Last month we discussed some of our options for the overall look and layout of the paneling. We never filled you in on our decision. We decided to go with a combination of sorts. The wainscoting will have a high baseboard as opposed to the short baseboard molding throughout our house.
Kinda like this….
We picked these features for two reasons: it was the easiest to do in my opinion and Lisa and I both really liked the look of the added molding and the sharp lines. The downside is the applied bolection molding is an added cost and it had to be ordered and shipped to us. Oh well!! Still cheaper than paying someone to do it!

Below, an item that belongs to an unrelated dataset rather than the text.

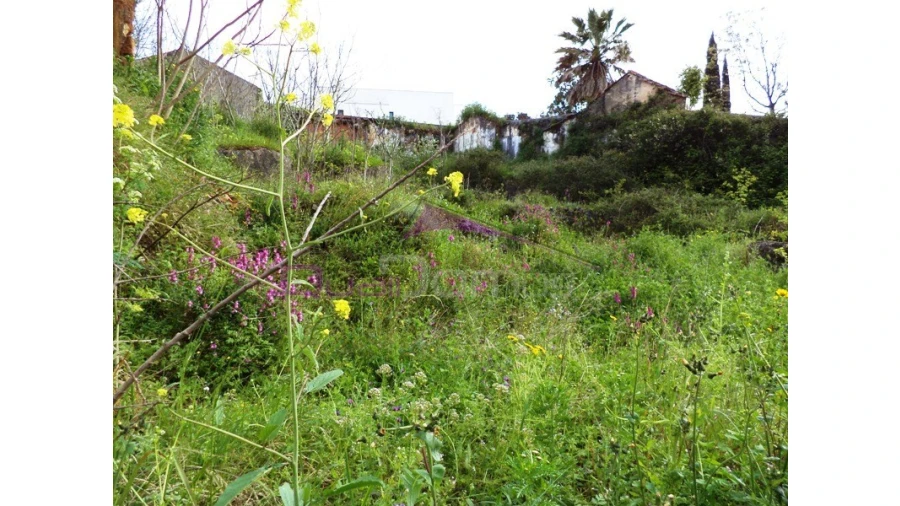 Terreno para Venda em Alcanena e Vila Moreira Foto 1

The construction method for this type of paneling isn’t too complicated and if I could find around 6-8 hours, I could probably finish the hardwood portion altogether. But, since I will be doing this project in dribs and drabs, it will take a while. The basic strategy is to install a hardwood frame, much like a cabinet door and then glue and nail them into the wall. The panel section is left open and an MDF center with a raised panel profile is added later. A piece of molding will bridge the hardwood to the MDF and tie it all together. If I lost you there, I promise that you’ll get it if you stick around.
The hardest part of this project is the planning. Deciding how wide, tall and how many panels on each wall to build is the hardest part. To help me out, I used A LOT of Microsoft Excel. I’ll also show you how to do that as well in another post.
Let’s get to the paneling… I started on the window wall. It’s actually the only wall I’ve got the frame up on.
I pre-assembled each frame section in the basement from poplar using pocket screws. Poplar is my choice du joir for any wood that will be painted. It’s a quality hardwood that doesn’t work very well for staining so it’s generally priced lower than cherry, oak or maple. The frame is resting on 1/2″ thick blocks until I nail it to the wall. I’m lifting it to give me some height on the wall. I was afraid it might be a tad too short, so better safe than sorry.
Here’s a less than sharp photo of the first section. You can see how the top and the bottom pieces run the width of the section and the sides run between them. I only had to add pocket screws from the sides into the top and bottom.
For the middle area under the window, we took a slightly different approach. We bumped out the wall by 3/4″ then added our panel. This will give that wall some more interest. First I glued and nailed a couple filler pieces.
Since this middle piece will be sticking out from the wall, I wanted to make sure the sides looked sharp. Normally, in carpentry projects, you try to avoid having any end grain showing. The top and the bottom pieces of this section have end grain showing that can be better dressed. To take care of that end grain, I mitered the ends of the panel section to a 45 degree angle. I did this to the individual pieces before I assembled it.
Once the center section was added, I was done with this wall until I go back and add the MDF center, which won’t be for a couple more weeks!!
Anyone else taking their sweet time with a project??